Skip to content

Environment Variables

ProxySettings pydantic-model

Settings for Stained Glass Proxy.

Note

Any of these can be set via environment variables with the prefix SGP_. For example, to set inference_service_host="http://localhost", set the environment variable SGP_INFERENCE_SERVICE_HOST="http://localhost".

Config:

  • env_prefix: SGP_

Fields:

Validators:

inference_service_host pydantic-field

inference_service_host: str

The hostname of the upstream service.

This should include the protocol (http or https) and the port if not the default.

Examples:

  • http://localhost:8000
  • https://example.com:443
  • http://vllm:8080

sgt_path pydantic-field

sgt_path: str

Path to the Stained Glass Transform file.

This can be a path to a .sgt zipfile or a model name on the Hugging Face Hub (such as Protopia/SGT-for-llama-3.1-8b-instruct-rare-rain-bfloat16).
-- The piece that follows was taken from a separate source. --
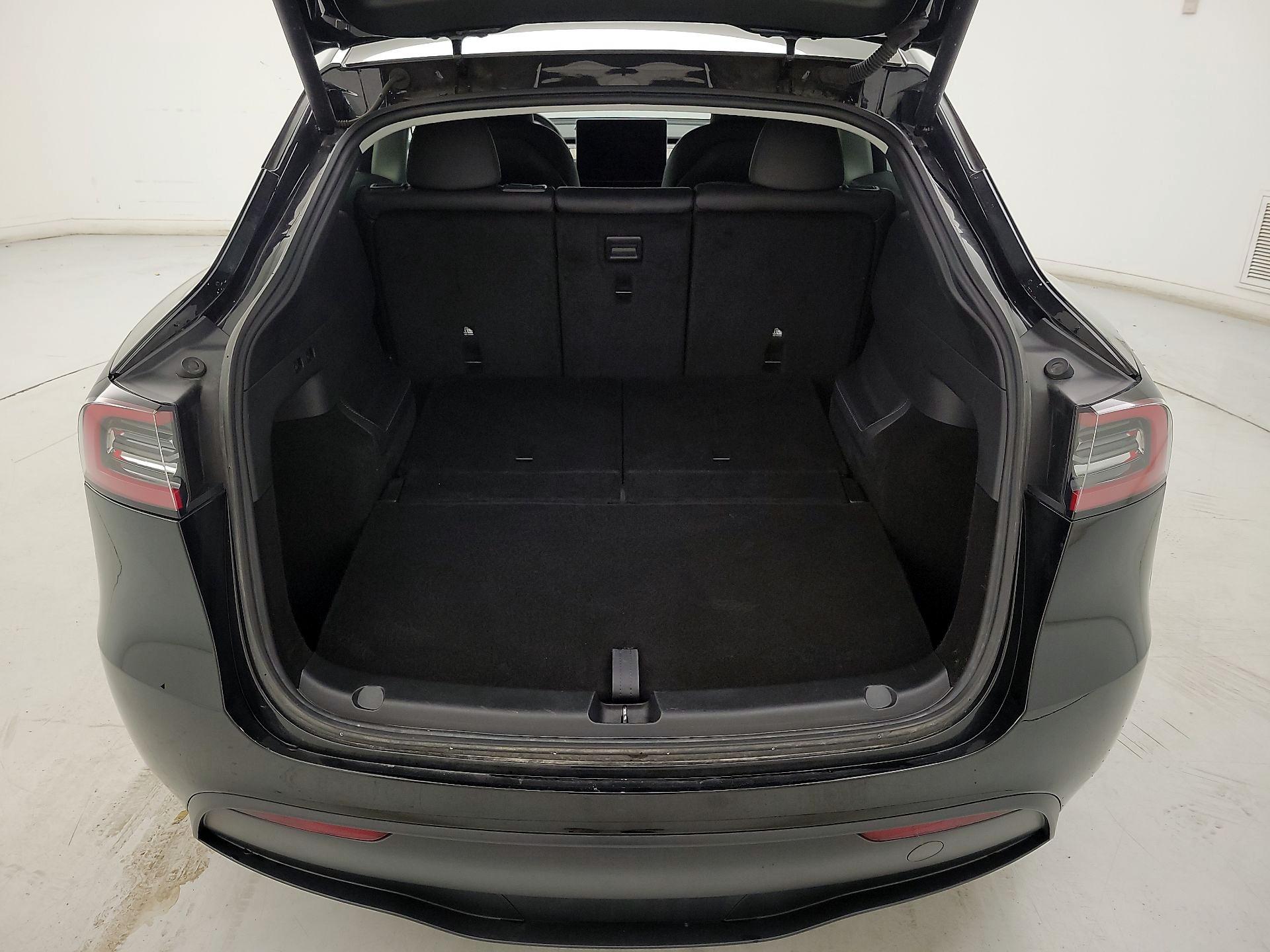 Thumbnail: 2024 Tesla Model Y - 20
Passing a local directory is not supported.

sgt_name pydantic-field

sgt_name: str | None = None

Optional name to use for the SGT in the /models endpoint and as the model id for /v1/chat/completions and /v1/completions requests.

When this is set, the model can be referred to either as <base model name> or <base model name>/<sgt name>, and both options will be visible from the /models endpoint.

Note

If set this will override the SGT name stored in the SGT file.

min_new_tokens pydantic-field

min_new_tokens: int | None = None

The minimum number of new tokens to generate.

seed pydantic-field

seed: int | None = None

The seed for Stained Glass Transform and inference.

temperature pydantic-field

temperature: float = 0.3

The default temperature for generation.

top_p pydantic-field

top_p: float = 0.2

The default top-p value for generation.

top_k pydantic-field

top_k: int = 5000

The default top-k value for generation.

repetition_penalty pydantic-field

repetition_penalty: float = 1.0

The default repetition penalty for generation.

upstream_keep_alive_timeout pydantic-field

upstream_keep_alive_timeout: float = 5

Timeout for idle connections with the upstream inference server.

session_timeout pydantic-field

session_timeout: float = 60

Timeout for connections with the upstream inference server.

api_username pydantic-field

api_username: str | None = None

The username for upstream inference server authentication.

api_password pydantic-field

api_password: str | None = None

The password for upstream inference server authentication.

use_aiohttp_for_upstream pydantic-field

use_aiohttp_for_upstream: bool = False

Prefer using aiohttp over httpx to manage http connections with the upstream inference server. This may have improved throughput when handling many concurrent requests.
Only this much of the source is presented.